An exact reproduction of the listing, minus the pictures, is the required output.
BEGIN Excerpted records
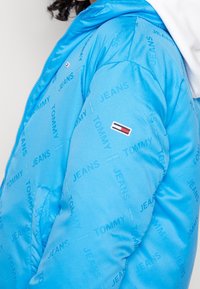 Giacca a vento blu con un motivo ripetitivo del logo "TOMMY JEANS". Include un piccolo emblema del marchio e un cappuccio. Il materiale appare liscio e lucido.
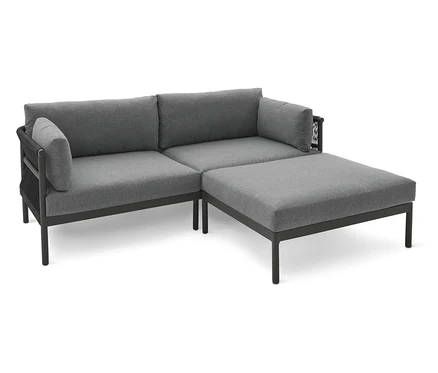 Graues Ecksofa mit Ottomanen auf einem weißen Hintergrund.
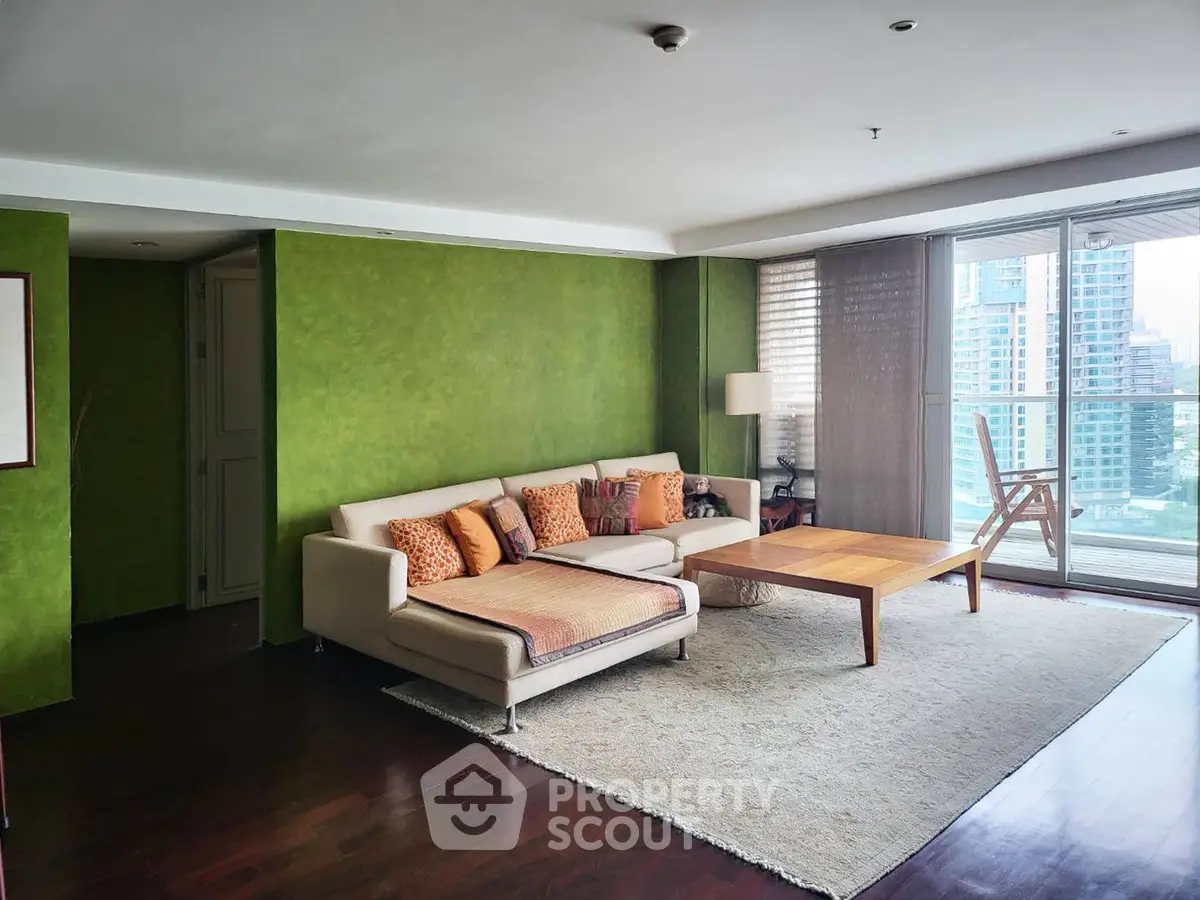Spacious living room with green accent wall and city view balcony
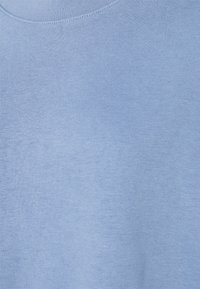 Tissu en coton bleu clair à col rond montrant une texture tricotée et des détails de couture délicats.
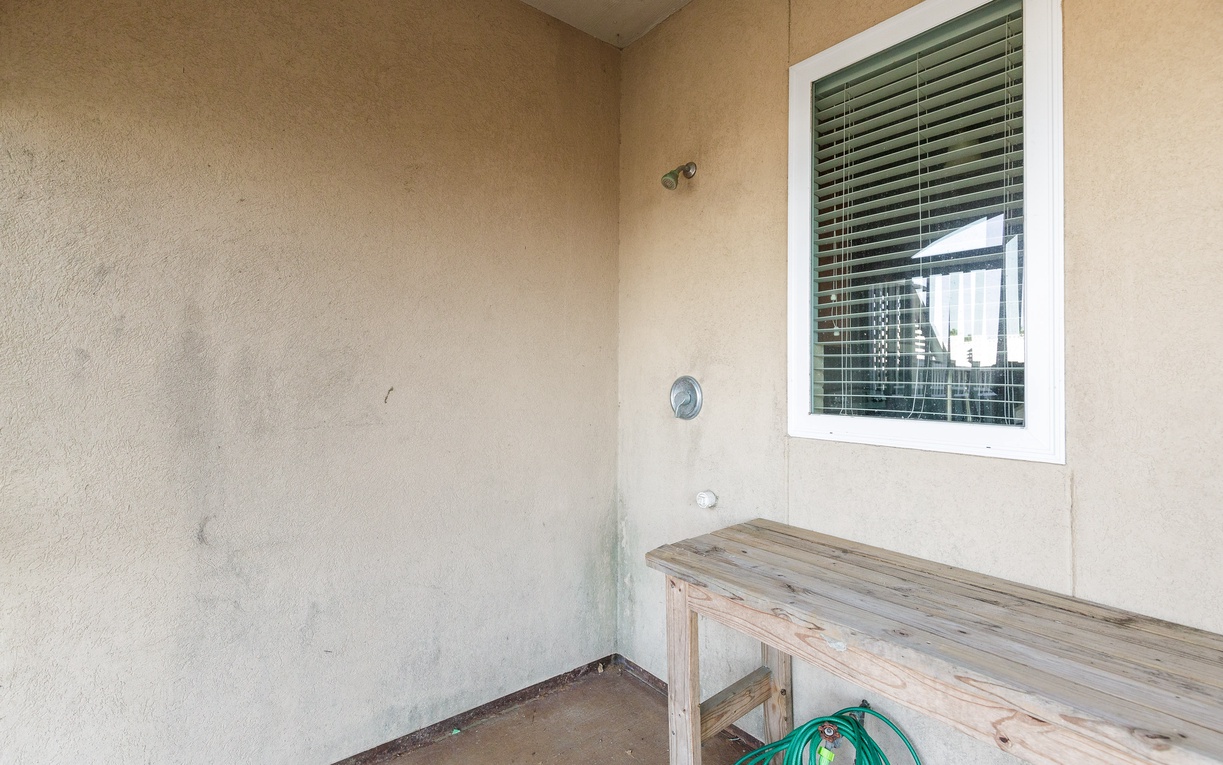 Your private covered patio offers a peaceful retreat with rustic wooden seating and outdoor shower access for refreshing moments.
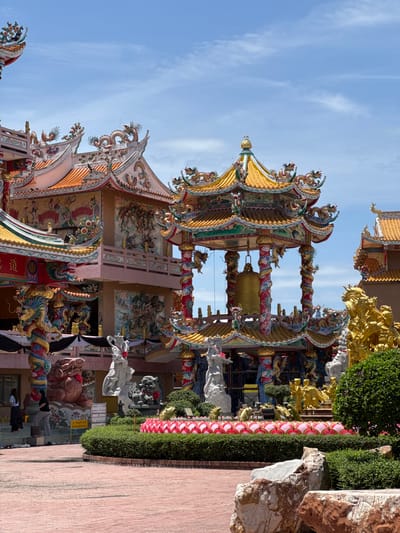 In Ang Sila, Thailand, this image captures a vibrant Chinese temple under a clear blue sky with sparse clouds. The temple's architecture is characterized by ornate, multi-tiered roofs adorned with colorful dragons and intricate carvings. A large, golden bell hangs prominently within a pavilion supported by red and white spiral columns, also decorated with dragon motifs.
In the foreground, a red brick courtyard leads to a manicured garden area featuring low green bushes and a decorative border of pink lotus-like structures. Several stone sculptures are visible, including white figures and guardian lion statues. To the right, a large golden sculpture of mythical creatures stands.
The temple's facade is richly decorated with murals depicting figures and scenes, further enhanced by dragon sculptures on pillars and along the rooflines. In the middle ground, several individuals are seen walking on steps near the temple entrance. The overall scene conveys a sense of cultural richness and spiritual significance, bathed in bright daylight.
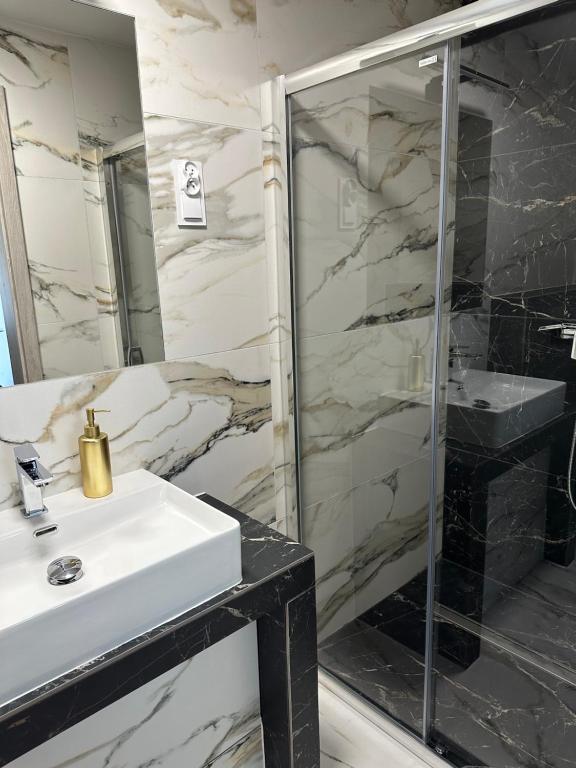 Koupelna v ubytování Roomflacja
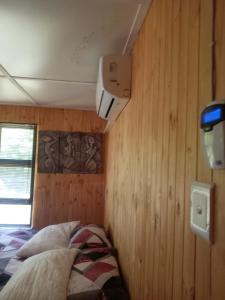 une chambre avec un lit dans un mur en bois dans l'établissement Barberton Troop Cabin, à Barberton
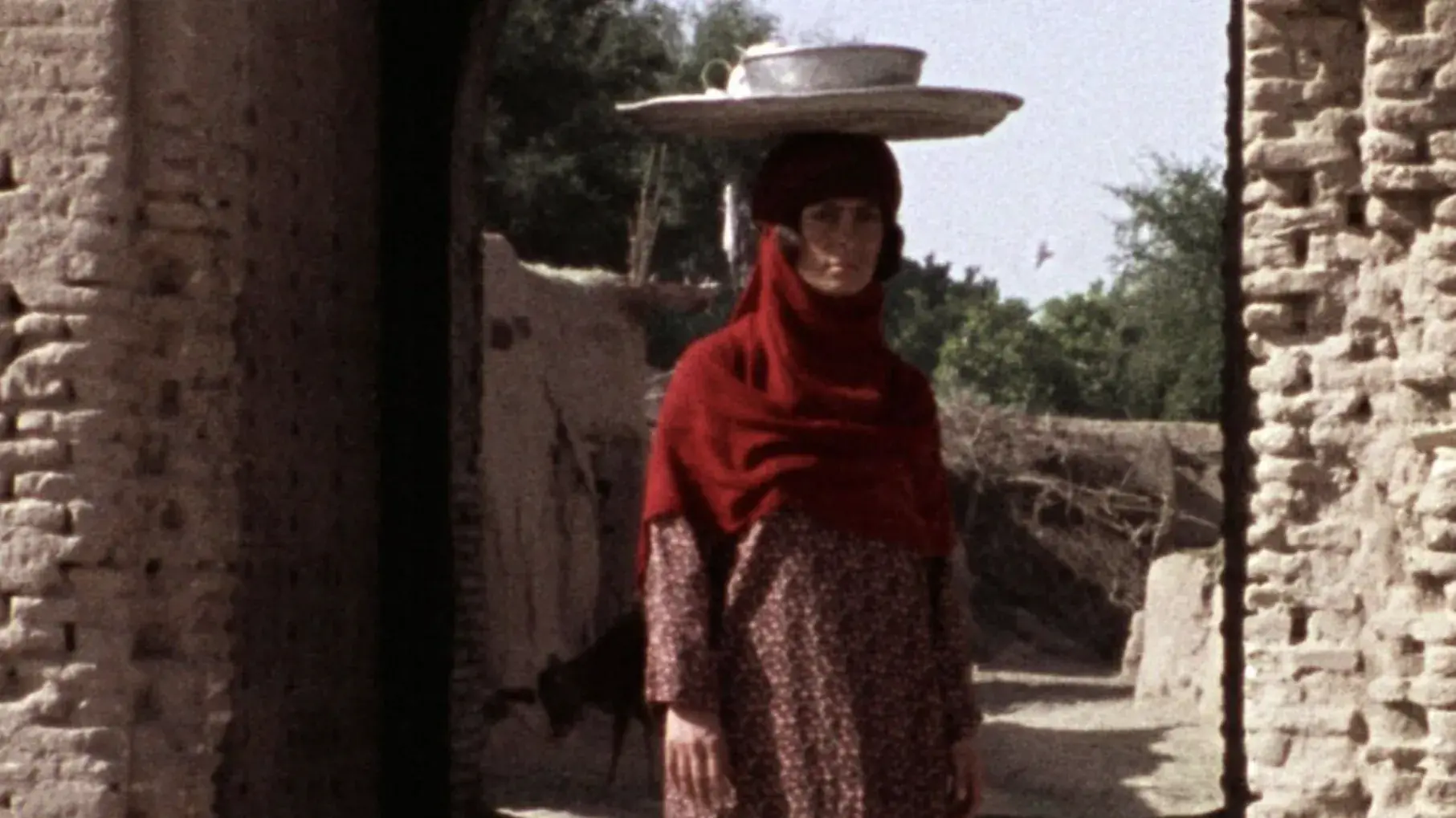 A woman is standing under the arch of a very old looking building. She is balancing a tray and bowl on her head. 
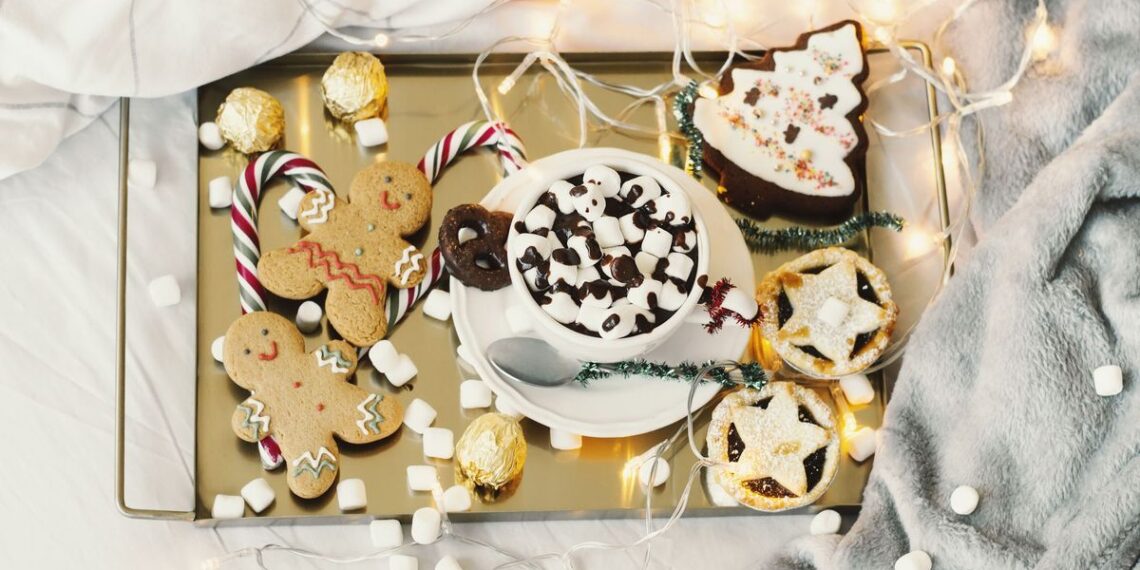 The the best (and worst) festive foods for sleep image shows a golden tray of gingerbread cookies, mince pies and marshmallow-topped hot chocolates placed on a bed dressed with faux fur blankets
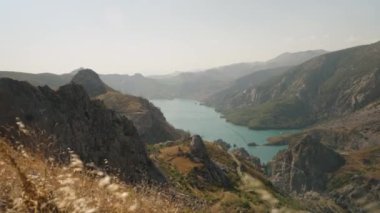 Turkuaz Gölü 'nün Genişletici Vista' sı Engebeli Dağlar Arasında Sarsılıyor, Güneş Işığı Dramatik Araziyi Vurguluyor, Doğayı Yakalamak İçin Mükemmel.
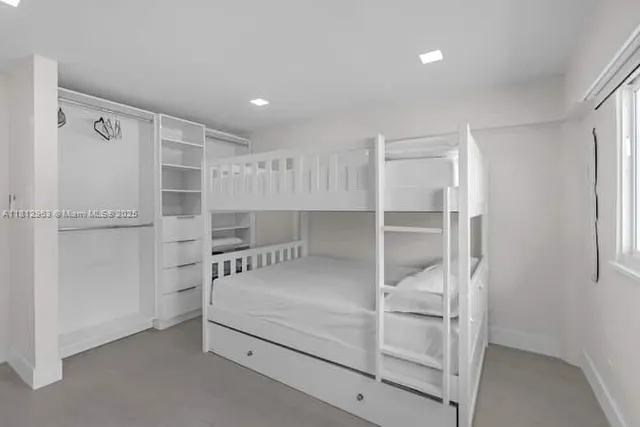 a walk in closet with white walls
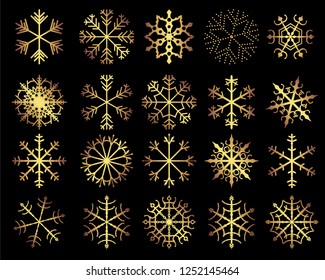 Set of vector gold snowflakes - abstract geometric shapes for Christmas holiday designs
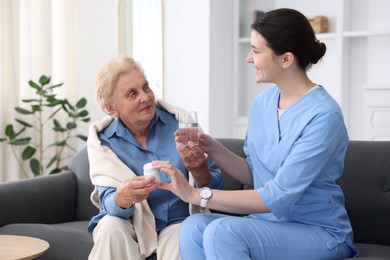 Photo of Nurse giving glass of water and pills to senior woman indoors. Home health care service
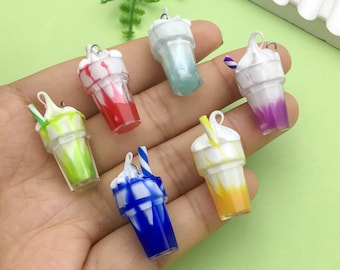 May include: Six colourful miniature plastic milkshake charms with white whipped cream and a straw. Each charm has a different colour swirl pattern.
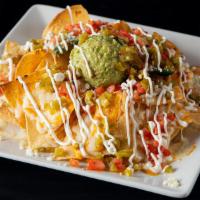 Nachos Tulum · Topped with pico de gallo, guacamole, cheese, jalapeños and sour cream.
END Excerpted records
__Worked solution__
 Giacca a vento blu con un motivo ripetitivo del logo "TOMMY JEANS". Include un piccolo emblema del marchio e un cappuccio. Il materiale appare liscio e lucido.
 Graues Ecksofa mit Ottomanen auf einem weißen Hintergrund.
Spacious living room with green accent wall and city view balcony
 Tissu en coton bleu clair à col rond montrant une texture tricotée et des détails de couture délicats.
 Your private covered patio offers a peaceful retreat with rustic wooden seating and outdoor shower access for refreshing moments.
 In Ang Sila, Thailand, this image captures a vibrant Chinese temple under a clear blue sky with sparse clouds. The temple's architecture is characterized by ornate, multi-tiered roofs adorned with colorful dragons and intricate carvings. A large, golden bell hangs prominently within a pavilion supported by red and white spiral columns, also decorated with dragon motifs.
In the foreground, a red brick courtyard leads to a manicured garden area featuring low green bushes and a decorative border of pink lotus-like structures. Several stone sculptures are visible, including white figures and guardian lion statues. To the right, a large golden sculpture of mythical creatures stands.
The temple's facade is richly decorated with murals depicting figures and scenes, further enhanced by dragon sculptures on pillars and along the rooflines. In the middle ground, several individuals are seen walking on steps near the temple entrance. The overall scene conveys a sense of cultural richness and spiritual significance, bathed in bright daylight.
 Koupelna v ubytování Roomflacja
 une chambre avec un lit dans un mur en bois dans l'établissement Barberton Troop Cabin, à Barberton
 A woman is standing under the arch of a very old looking building. She is balancing a tray and bowl on her head. 
 The the best (and worst) festive foods for sleep image shows a golden tray of gingerbread cookies, mince pies and marshmallow-topped hot chocolates placed on a bed dressed with faux fur blankets
 Turkuaz Gölü 'nün Genişletici Vista' sı Engebeli Dağlar Arasında Sarsılıyor, Güneş Işığı Dramatik Araziyi Vurguluyor, Doğayı Yakalamak İçin Mükemmel.
 a walk in closet with white walls
 Set of vector gold snowflakes - abstract geometric shapes for Christmas holiday designs
 Photo of Nurse giving glass of water and pills to senior woman indoors. Home health care service
 May include: Six colourful miniature plastic milkshake charms with white whipped cream and a straw. Each charm has a different colour swirl pattern.
 Nachos Tulum · Topped with pico de gallo, guacamole, cheese, jalapeños and sour cream.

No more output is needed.